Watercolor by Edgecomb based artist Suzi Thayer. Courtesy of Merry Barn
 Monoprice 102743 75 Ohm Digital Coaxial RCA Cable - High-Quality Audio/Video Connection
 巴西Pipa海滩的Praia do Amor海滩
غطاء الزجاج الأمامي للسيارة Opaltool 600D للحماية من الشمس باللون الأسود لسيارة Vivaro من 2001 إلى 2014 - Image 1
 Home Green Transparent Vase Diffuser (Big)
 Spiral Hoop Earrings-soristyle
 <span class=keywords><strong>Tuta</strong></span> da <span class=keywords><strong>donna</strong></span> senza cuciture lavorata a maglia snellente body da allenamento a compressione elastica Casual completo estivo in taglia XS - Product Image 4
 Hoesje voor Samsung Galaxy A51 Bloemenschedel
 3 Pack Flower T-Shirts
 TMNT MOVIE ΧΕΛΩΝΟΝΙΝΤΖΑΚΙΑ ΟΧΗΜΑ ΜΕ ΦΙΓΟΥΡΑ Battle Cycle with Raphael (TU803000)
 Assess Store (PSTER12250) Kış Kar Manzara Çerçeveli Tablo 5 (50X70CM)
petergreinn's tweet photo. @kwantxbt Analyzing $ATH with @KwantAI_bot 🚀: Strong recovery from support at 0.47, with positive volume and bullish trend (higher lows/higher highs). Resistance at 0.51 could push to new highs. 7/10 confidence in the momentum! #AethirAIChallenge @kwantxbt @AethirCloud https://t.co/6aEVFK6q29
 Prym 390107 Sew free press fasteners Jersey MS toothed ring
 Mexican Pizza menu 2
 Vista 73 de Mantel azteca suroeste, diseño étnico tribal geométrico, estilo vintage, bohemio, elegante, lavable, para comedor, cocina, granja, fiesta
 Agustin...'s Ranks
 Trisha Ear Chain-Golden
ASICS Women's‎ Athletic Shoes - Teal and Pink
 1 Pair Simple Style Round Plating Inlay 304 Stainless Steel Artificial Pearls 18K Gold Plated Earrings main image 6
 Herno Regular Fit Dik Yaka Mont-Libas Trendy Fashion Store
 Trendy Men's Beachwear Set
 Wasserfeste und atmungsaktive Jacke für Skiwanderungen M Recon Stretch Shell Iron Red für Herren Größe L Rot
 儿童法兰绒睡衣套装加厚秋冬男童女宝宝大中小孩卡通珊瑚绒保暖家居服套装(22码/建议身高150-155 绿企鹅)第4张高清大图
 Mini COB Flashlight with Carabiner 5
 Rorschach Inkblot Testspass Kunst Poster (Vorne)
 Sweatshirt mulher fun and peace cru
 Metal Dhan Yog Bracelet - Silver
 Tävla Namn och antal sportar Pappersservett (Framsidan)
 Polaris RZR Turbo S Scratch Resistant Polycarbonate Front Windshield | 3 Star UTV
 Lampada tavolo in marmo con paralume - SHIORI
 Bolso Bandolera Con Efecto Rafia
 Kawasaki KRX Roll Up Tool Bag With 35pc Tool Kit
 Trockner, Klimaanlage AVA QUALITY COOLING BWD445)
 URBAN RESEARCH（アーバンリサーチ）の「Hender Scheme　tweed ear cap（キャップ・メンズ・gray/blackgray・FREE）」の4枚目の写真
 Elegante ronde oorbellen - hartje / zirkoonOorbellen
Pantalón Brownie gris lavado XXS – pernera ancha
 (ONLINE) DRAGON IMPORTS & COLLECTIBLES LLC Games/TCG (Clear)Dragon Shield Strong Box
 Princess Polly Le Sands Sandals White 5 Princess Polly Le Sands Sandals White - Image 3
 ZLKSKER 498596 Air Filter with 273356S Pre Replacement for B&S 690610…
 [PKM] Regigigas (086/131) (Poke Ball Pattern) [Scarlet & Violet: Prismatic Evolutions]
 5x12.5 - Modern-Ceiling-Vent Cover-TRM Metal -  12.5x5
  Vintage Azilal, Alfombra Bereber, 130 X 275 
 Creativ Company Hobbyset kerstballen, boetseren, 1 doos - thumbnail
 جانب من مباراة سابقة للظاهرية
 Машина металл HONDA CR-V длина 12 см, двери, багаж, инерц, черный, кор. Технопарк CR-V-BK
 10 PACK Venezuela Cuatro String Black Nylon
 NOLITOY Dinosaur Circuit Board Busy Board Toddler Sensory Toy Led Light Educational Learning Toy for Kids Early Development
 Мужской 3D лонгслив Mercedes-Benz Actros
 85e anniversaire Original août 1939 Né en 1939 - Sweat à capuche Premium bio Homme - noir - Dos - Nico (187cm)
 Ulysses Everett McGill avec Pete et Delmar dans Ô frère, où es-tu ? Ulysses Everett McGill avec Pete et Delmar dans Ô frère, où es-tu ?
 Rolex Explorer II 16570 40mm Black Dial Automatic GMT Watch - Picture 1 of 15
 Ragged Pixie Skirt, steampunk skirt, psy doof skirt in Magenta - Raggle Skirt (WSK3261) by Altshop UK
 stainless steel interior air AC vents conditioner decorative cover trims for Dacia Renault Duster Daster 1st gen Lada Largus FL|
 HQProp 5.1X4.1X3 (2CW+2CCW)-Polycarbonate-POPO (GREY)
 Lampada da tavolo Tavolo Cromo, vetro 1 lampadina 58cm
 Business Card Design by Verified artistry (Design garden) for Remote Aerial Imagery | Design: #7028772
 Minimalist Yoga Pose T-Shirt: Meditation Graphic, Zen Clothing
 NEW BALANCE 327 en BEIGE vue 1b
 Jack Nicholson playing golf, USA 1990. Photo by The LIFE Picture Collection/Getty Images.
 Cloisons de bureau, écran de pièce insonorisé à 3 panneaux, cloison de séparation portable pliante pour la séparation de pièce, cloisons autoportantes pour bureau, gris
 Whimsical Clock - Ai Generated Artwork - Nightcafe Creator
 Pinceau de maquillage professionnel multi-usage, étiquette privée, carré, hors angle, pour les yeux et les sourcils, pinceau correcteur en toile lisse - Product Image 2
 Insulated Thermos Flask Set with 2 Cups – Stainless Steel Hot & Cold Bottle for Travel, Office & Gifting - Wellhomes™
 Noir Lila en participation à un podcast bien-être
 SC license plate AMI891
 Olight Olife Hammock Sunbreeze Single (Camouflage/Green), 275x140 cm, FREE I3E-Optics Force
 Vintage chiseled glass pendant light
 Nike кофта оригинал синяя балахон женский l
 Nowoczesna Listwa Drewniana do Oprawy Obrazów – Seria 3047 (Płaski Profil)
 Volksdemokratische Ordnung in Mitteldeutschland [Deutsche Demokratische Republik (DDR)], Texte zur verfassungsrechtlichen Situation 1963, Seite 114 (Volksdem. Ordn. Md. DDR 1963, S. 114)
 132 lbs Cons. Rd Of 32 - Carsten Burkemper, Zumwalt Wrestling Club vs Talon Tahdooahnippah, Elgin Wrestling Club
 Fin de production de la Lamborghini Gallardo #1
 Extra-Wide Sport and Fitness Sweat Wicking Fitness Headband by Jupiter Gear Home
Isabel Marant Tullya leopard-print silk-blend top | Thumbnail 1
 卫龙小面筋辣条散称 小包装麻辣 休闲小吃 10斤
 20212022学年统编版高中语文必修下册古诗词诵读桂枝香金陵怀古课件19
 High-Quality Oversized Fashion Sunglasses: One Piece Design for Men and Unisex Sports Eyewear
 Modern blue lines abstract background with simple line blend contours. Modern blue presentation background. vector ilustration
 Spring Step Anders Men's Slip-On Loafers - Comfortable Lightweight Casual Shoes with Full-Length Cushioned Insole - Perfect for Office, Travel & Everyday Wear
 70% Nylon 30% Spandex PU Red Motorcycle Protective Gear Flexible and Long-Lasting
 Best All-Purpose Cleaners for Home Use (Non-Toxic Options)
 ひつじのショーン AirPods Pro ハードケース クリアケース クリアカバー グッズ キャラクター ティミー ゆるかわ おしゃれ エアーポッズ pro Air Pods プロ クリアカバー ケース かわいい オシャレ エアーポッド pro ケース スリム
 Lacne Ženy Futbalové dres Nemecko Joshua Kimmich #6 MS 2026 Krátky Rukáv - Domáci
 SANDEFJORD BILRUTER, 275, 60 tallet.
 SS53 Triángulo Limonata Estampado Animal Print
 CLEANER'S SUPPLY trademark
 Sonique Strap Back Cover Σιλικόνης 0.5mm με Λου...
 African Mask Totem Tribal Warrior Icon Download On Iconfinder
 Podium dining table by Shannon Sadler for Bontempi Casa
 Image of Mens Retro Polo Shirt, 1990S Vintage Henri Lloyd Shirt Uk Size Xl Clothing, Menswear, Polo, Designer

EXERCISE BRIEF: Work out how many lines in the material above include the word "Travel", and write down that number alone.

ANSWER: 2